THE PROBLEM>
A line below contains "We have the", and a later one contains "It doesn't spread". Repeat both, with every line between them, exactly.
-------- INFORMATION PROVIDED
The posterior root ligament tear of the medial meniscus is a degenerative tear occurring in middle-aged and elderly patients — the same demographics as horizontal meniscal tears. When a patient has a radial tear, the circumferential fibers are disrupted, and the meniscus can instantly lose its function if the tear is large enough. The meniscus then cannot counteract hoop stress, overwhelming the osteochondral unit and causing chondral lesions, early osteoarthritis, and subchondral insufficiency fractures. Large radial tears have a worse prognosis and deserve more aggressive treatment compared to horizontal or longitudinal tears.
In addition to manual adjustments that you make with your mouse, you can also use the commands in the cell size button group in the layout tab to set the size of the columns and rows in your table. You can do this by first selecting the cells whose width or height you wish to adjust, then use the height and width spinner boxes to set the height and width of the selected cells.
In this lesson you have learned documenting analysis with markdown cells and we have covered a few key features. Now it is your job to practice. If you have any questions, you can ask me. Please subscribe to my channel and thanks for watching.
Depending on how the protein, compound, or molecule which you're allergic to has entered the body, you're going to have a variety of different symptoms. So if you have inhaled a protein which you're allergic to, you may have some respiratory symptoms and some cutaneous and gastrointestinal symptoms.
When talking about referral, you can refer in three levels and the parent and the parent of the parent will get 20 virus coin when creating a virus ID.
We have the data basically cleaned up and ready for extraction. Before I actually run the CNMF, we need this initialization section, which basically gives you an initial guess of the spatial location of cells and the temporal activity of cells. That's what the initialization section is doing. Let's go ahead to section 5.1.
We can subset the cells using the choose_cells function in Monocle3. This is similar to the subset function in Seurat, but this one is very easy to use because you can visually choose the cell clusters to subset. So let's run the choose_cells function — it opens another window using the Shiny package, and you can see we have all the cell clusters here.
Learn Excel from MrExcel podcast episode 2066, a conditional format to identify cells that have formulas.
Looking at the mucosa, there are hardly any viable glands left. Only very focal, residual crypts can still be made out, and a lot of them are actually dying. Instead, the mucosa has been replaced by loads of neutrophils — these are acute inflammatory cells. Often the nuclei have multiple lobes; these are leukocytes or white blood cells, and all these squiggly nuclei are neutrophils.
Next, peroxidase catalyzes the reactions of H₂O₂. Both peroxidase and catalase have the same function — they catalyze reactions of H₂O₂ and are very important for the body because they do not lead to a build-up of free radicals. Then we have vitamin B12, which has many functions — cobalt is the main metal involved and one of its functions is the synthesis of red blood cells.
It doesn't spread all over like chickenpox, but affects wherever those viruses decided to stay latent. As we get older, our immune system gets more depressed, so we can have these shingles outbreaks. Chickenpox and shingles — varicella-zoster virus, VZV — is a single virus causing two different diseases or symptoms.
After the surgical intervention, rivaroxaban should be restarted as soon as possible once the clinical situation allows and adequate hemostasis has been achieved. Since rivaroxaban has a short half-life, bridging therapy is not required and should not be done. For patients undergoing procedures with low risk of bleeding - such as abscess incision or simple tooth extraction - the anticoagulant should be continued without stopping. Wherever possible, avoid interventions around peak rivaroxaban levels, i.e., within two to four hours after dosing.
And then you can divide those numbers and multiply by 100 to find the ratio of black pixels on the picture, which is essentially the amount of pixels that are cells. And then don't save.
----------------
FINISHED EXERCISE>
We have the data basically cleaned up and ready for extraction. Before I actually run the CNMF, we need this initialization section, which basically gives you an initial guess of the spatial location of cells and the temporal activity of cells. That's what the initialization section is doing. Let's go ahead to section 5.1.
We can subset the cells using the choose_cells function in Monocle3. This is similar to the subset function in Seurat, but this one is very easy to use because you can visually choose the cell clusters to subset. So let's run the choose_cells function — it opens another window using the Shiny package, and you can see we have all the cell clusters here.
Learn Excel from MrExcel podcast episode 2066, a conditional format to identify cells that have formulas.
Looking at the mucosa, there are hardly any viable glands left. Only very focal, residual crypts can still be made out, and a lot of them are actually dying. Instead, the mucosa has been replaced by loads of neutrophils — these are acute inflammatory cells. Often the nuclei have multiple lobes; these are leukocytes or white blood cells, and all these squiggly nuclei are neutrophils.
Next, peroxidase catalyzes the reactions of H₂O₂. Both peroxidase and catalase have the same function — they catalyze reactions of H₂O₂ and are very important for the body because they do not lead to a build-up of free radicals. Then we have vitamin B12, which has many functions — cobalt is the main metal involved and one of its functions is the synthesis of red blood cells.
It doesn't spread all over like chickenpox, but affects wherever those viruses decided to stay latent. As we get older, our immune system gets more depressed, so we can have these shingles outbreaks. Chickenpox and shingles — varicella-zoster virus, VZV — is a single virus causing two different diseases or symptoms.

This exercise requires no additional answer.